Welcome to rippleTank!¶
rippleTank is a simulator that aims to help students understand how waves behave on a ripple tank, as well as motivating the use of computational tools to solve physical problems. Fully written with Python, rippleTank depends on the following libraries:
Installing¶
rippleTank is freely available on PyPI, thus can be easily installed with pip:
pip install rippleTank
The development version is hosted on GitHub, and can be installed by running the setup.py.
python setup.py install
How it works¶
A wave is described by the wave equation:
\(\nabla^2\psi = \dfrac{1}{v^2}\dfrac{\partial \Psi}{\partial t} \qquad \text{where } v \text{ is the propagation speed}\)
In order to solve the differential equation, a finite difference scheme is used.
Space is discretized in n_cells_x and n_cells_y, each cell has a value of \(\Psi\) stored on a matrix. For every cell whose location is not a boundary:
\(\Psi^{t+1}_{i, j} = 2\Psi^{t}_{i, j} - \Psi^{t-1}_{i, j} + \left(\dfrac{v\Delta t}{\Delta x}\right)^2\left(\Psi^{t}_{i, j+1} -2\Psi^{t}_{i, j} + \Psi^{t}_{i, j-1}\right) + \left(\dfrac{v\Delta t}{\Delta y}\right)^2\left(\Psi^{t}_{i+1, j} -2\Psi^{t}_{i, j} + \Psi^{t}_{i-1, j}\right)\)
If the boundary is closed:
\(\Psi^{t+1}_{boundary, j} = \Psi^{t}_{boundary, j}\)
\(\Psi^{t+1}_{i, boundary} = \Psi^{t}_{i, boundary}\)
\(\Psi^{t+1}_{boundary, boundary} = \Psi^{t}_{boundary, boundary}\)
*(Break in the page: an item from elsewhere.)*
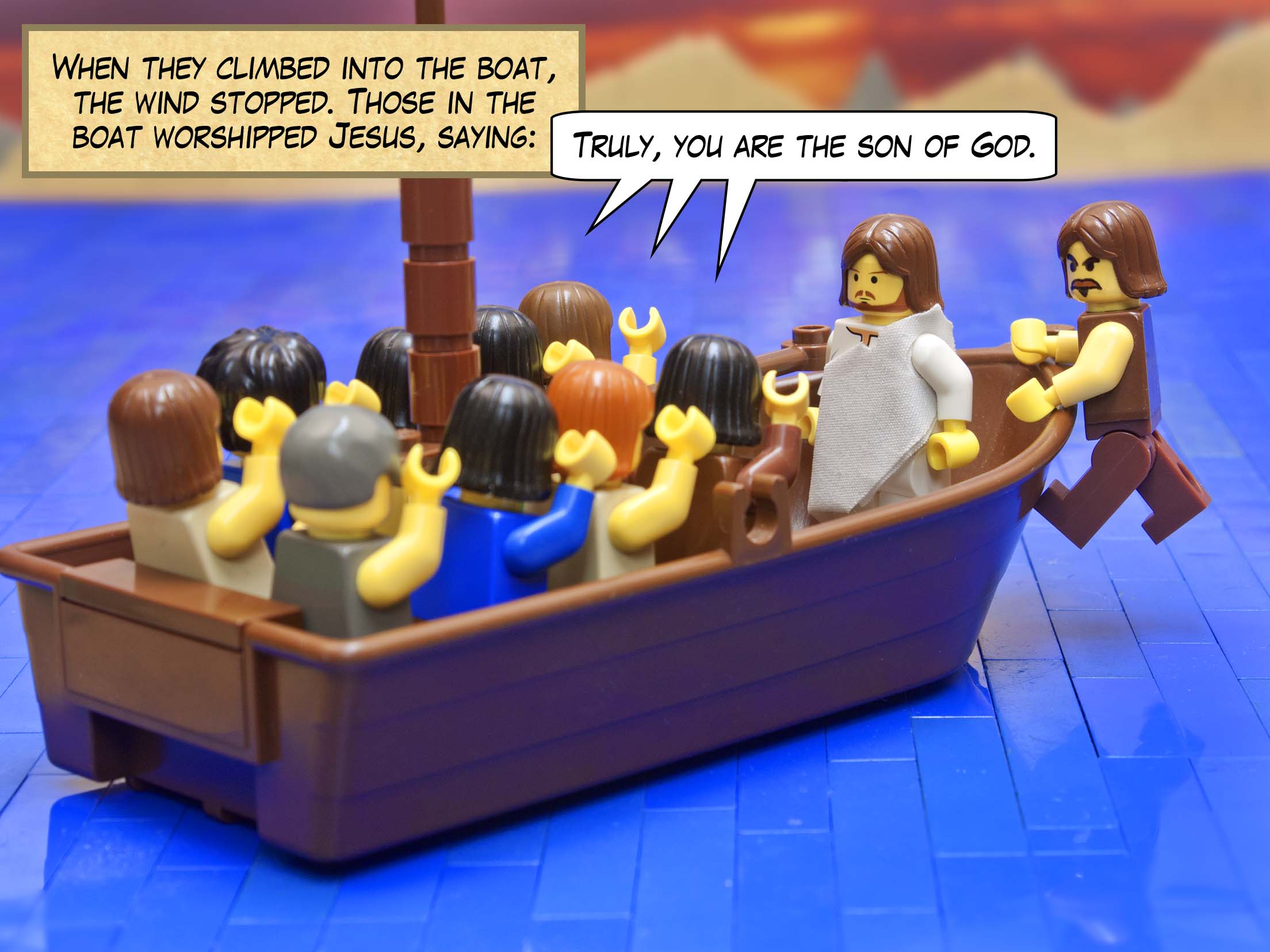 When they got into the boat, the wind ceased. And those in the boat worshiped him, saying, 'Truly you are the Son of God.'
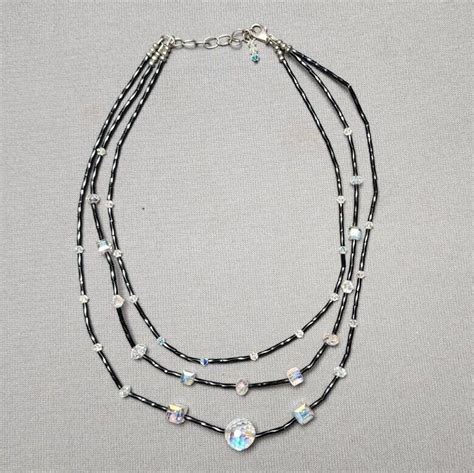 Vintage Aurora Borealis Faceted Crystals Three Strand Beaded Necklace 1618 Sterling Silver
For an open boundary the following relations are applied:
\(\Psi^{t+1}_{i, 0}=\dfrac{v\Delta t}{\Delta x}\left(\Psi^t_{i, 1} - \Psi^t_{i, 0}\right) + \Psi^t_{i, 0}\)
\(\Psi^{t+1}_{0, j}=\dfrac{v\Delta t}{\Delta y}\left(\Psi^t_{1, j} - \Psi^t_{0, j}\right) + \Psi^t_{0, j}\)
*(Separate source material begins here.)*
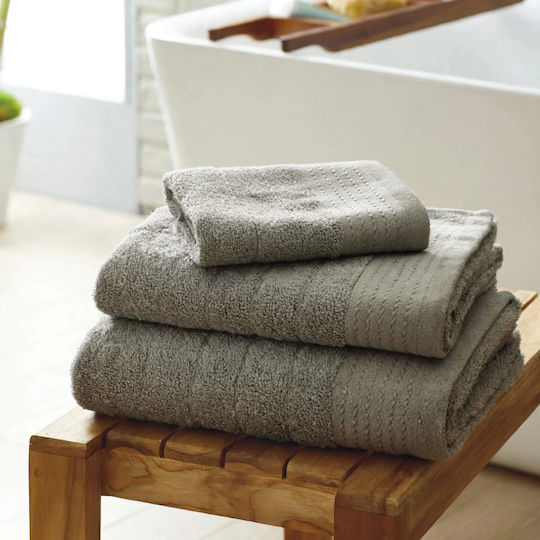 Isadore Lorraine Set of Bath Towels 3 pcs Grey-Olive Weight 500gr/m²
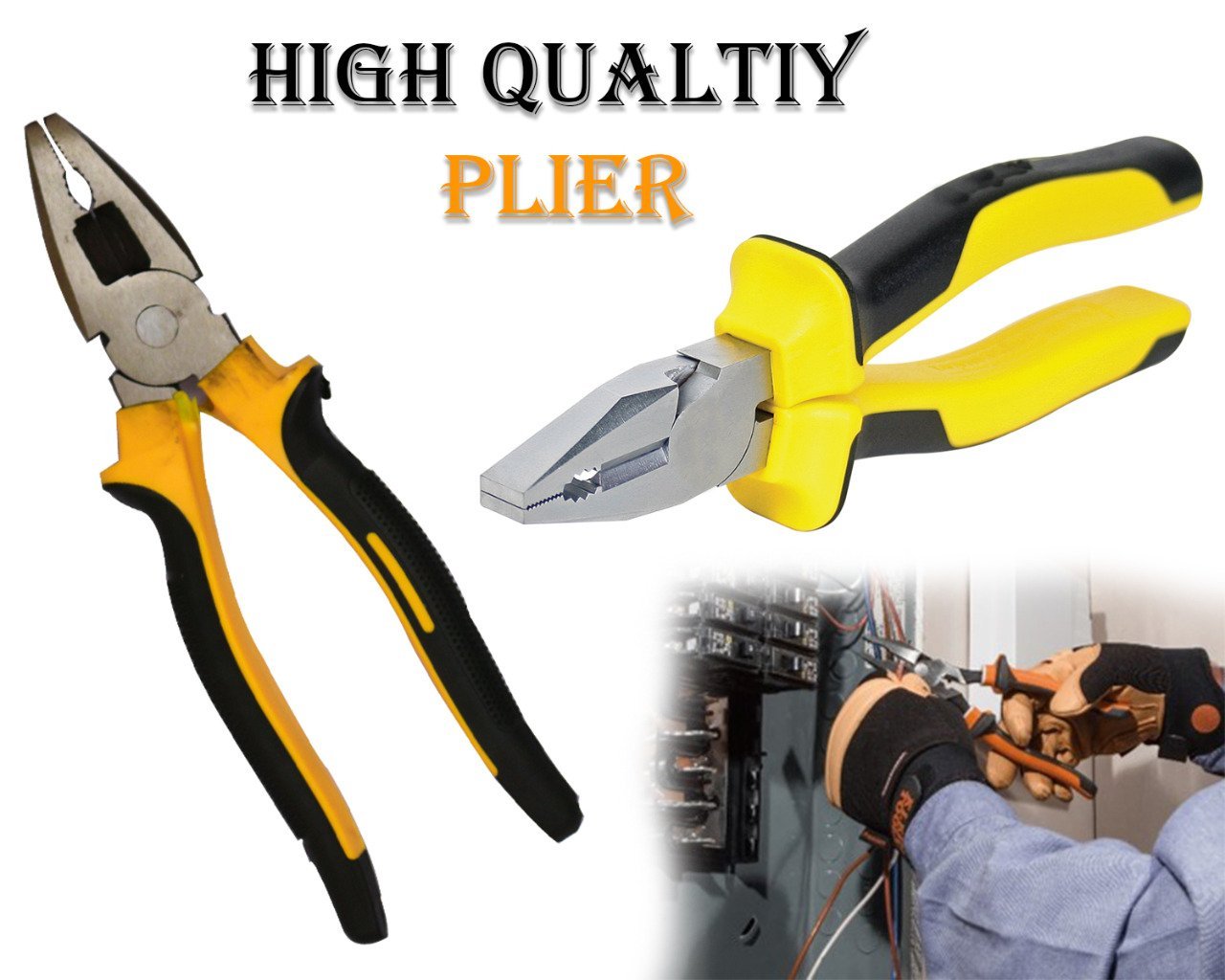 Wukusy 444 Heavy Duty Combination Pliers and Wire Cutters, durable hardware tool with ergonomic handles and cutting edges.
\(\Psi^{t+1}_{i, \text{n_cells_x}-1}=\dfrac{v\Delta t}{\Delta x}\left(\Psi^t_{i, \text{n_cells_x}-1} - \Psi^t_{i, \text{n_cells_x}-2}\right) + \Psi^t_{i, \text{n_cells_x}-1}\)
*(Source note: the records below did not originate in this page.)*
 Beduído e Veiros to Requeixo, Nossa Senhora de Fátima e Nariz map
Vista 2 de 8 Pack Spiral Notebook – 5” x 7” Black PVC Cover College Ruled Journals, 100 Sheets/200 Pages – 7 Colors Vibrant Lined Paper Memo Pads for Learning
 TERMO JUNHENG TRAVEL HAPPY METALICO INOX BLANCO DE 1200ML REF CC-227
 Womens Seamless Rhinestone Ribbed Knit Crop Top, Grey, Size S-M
\(\Psi^{t+1}_{\text{n_cells_y}-1, j}=\dfrac{v\Delta t}{\Delta y}\left(\Psi^t_{\text{n_cells_y}-1, j} - \Psi^t_{\text{n_cells_y}-2, j}\right) + \Psi^t_{\text{n_cells_y}-1, j}\)
For a gaussian wave with open boundary conditions the result is:
Documentation¶
rippleTank is divided in four scripts: masks.py, sources.py, tank.py, examples.py. They contain the definition of three classes: Mask, Source and rippleTank.
Root class is rippleTank which defines the whole space in which the simulation will take place. Perturbations are included with Source objects and obstacules with Mask objects.